─── Data extract

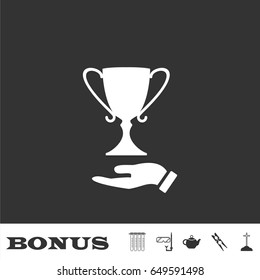 Trophy icon flat. White pictogram on black background. Vector illustration symbol and bonus icons
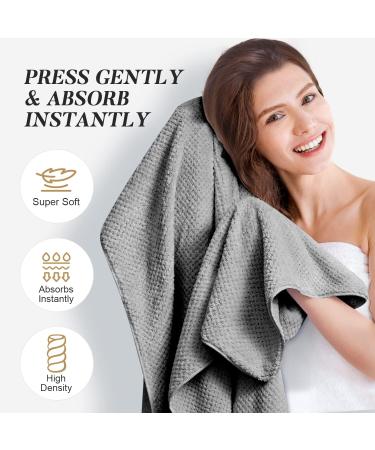 AMZFit Large Microfiber Hair Towel Wrap for Women - Super Absorbent & Anti Frizz Hair Drying Turban - Fast Drying for Long, Thick, Curly Hair - Gray - Buy Online on GoSupps.com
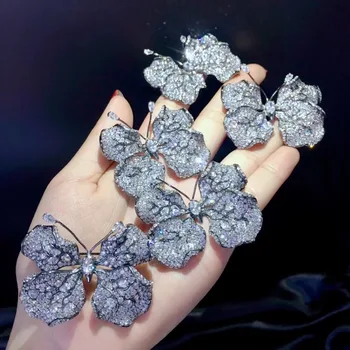 

office career unisex butterlfy brooch 925 sterling silver fine women and men jewelry free shipping leaf butterfly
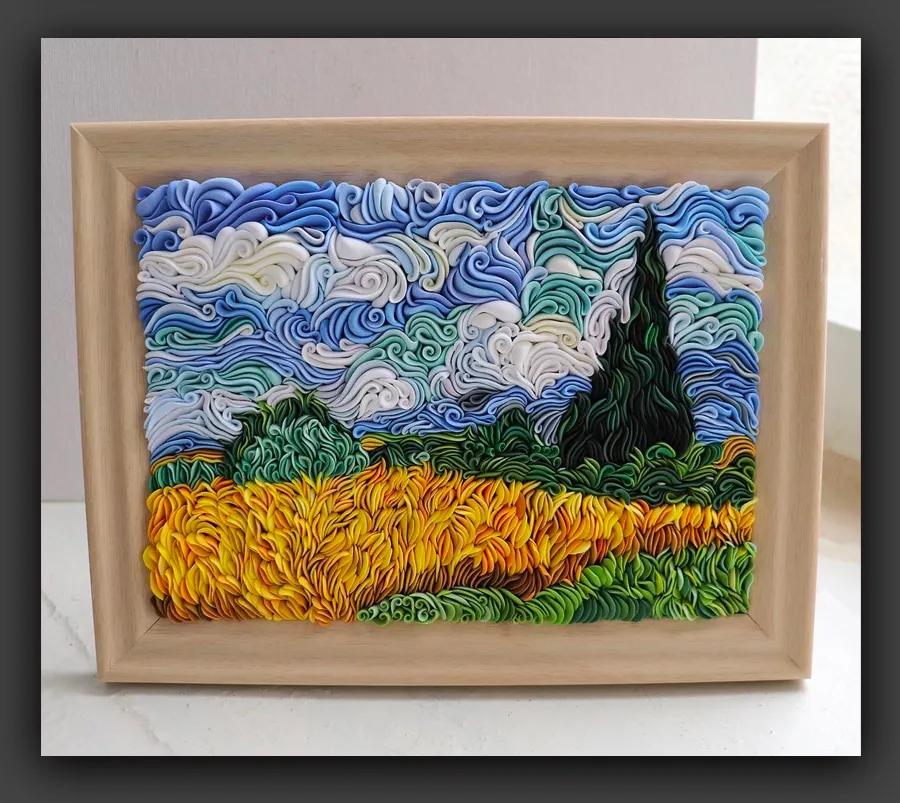 轻粘土手工风景画作品,超轻粘土制作简单的风景画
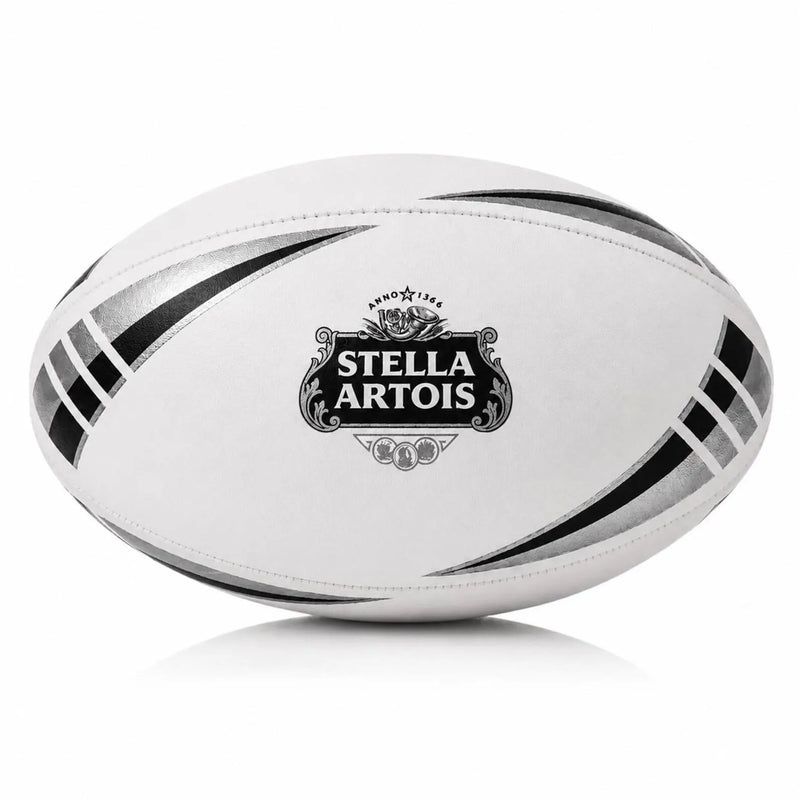 Pack of 4 - Personalised Logo Rugby Ball - Rubber/PU Size 5 (White/Silver)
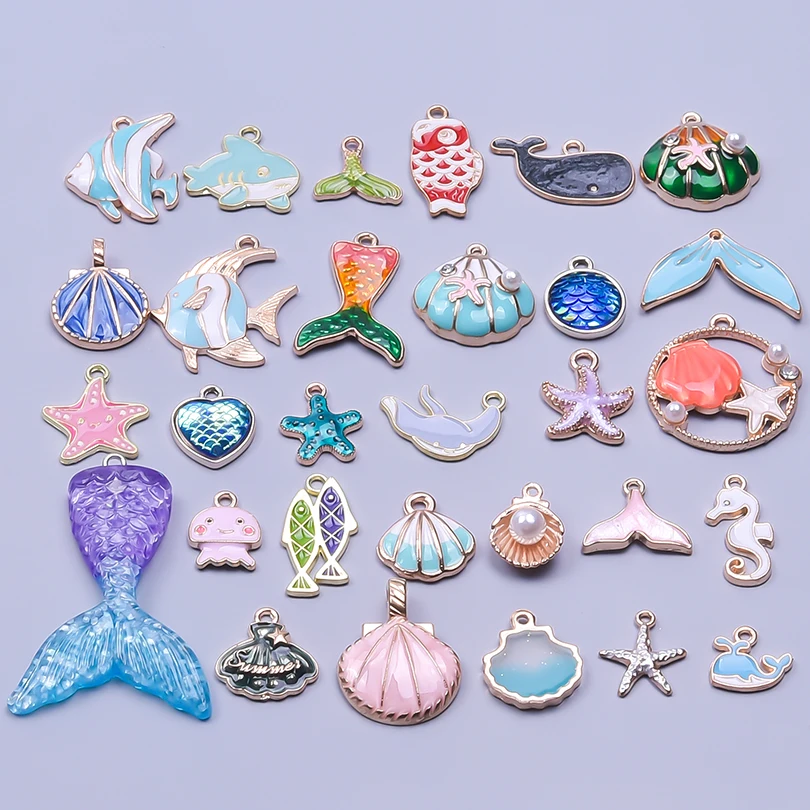 무작위 혼합 에나멜 참, 쥬얼리 제작 용품, 태양 달 별 과일 동물 참 펜던트 재료, DIY 귀걸이, 30 개/로트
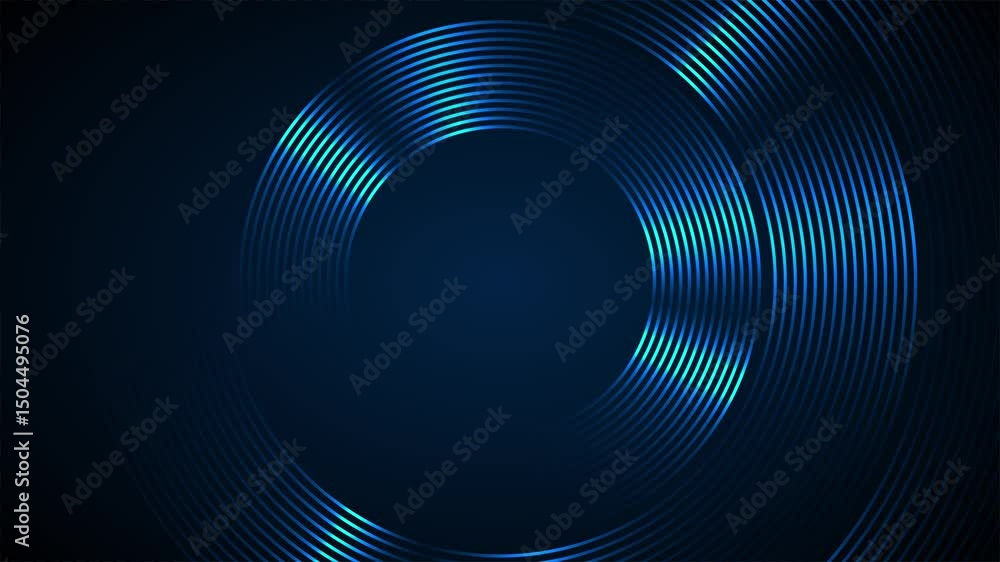 Poster abstract animated background with shiny blue circle lines spinning in dark space. dynamic and smooth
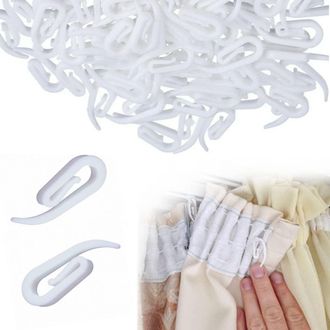 OEM Ganchos Para Riel De Cortina, 100 Unidades, Clips De Pl&aacute;stico Blanco De 2,8 X 1,2 Cm Para Cortinas De Ducha, Ventanas Y Puertas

──────

■ Work order
Type out all of the records exactly, leaving out any picture.

■ Response for this exercise
 Trophy icon flat. White pictogram on black background. Vector illustration symbol and bonus icons
 AMZFit Large Microfiber Hair Towel Wrap for Women - Super Absorbent & Anti Frizz Hair Drying Turban - Fast Drying for Long, Thick, Curly Hair - Gray - Buy Online on GoSupps.com

office career unisex butterlfy brooch 925 sterling silver fine women and men jewelry free shipping leaf butterfly
 轻粘土手工风景画作品,超轻粘土制作简单的风景画
 Pack of 4 - Personalised Logo Rugby Ball - Rubber/PU Size 5 (White/Silver)
 무작위 혼합 에나멜 참, 쥬얼리 제작 용품, 태양 달 별 과일 동물 참 펜던트 재료, DIY 귀걸이, 30 개/로트
 Poster abstract animated background with shiny blue circle lines spinning in dark space. dynamic and smooth
 OEM Ganchos Para Riel De Cortina, 100 Unidades, Clips De Pl&aacute;stico Blanco De 2,8 X 1,2 Cm Para Cortinas De Ducha, Ventanas Y Puertas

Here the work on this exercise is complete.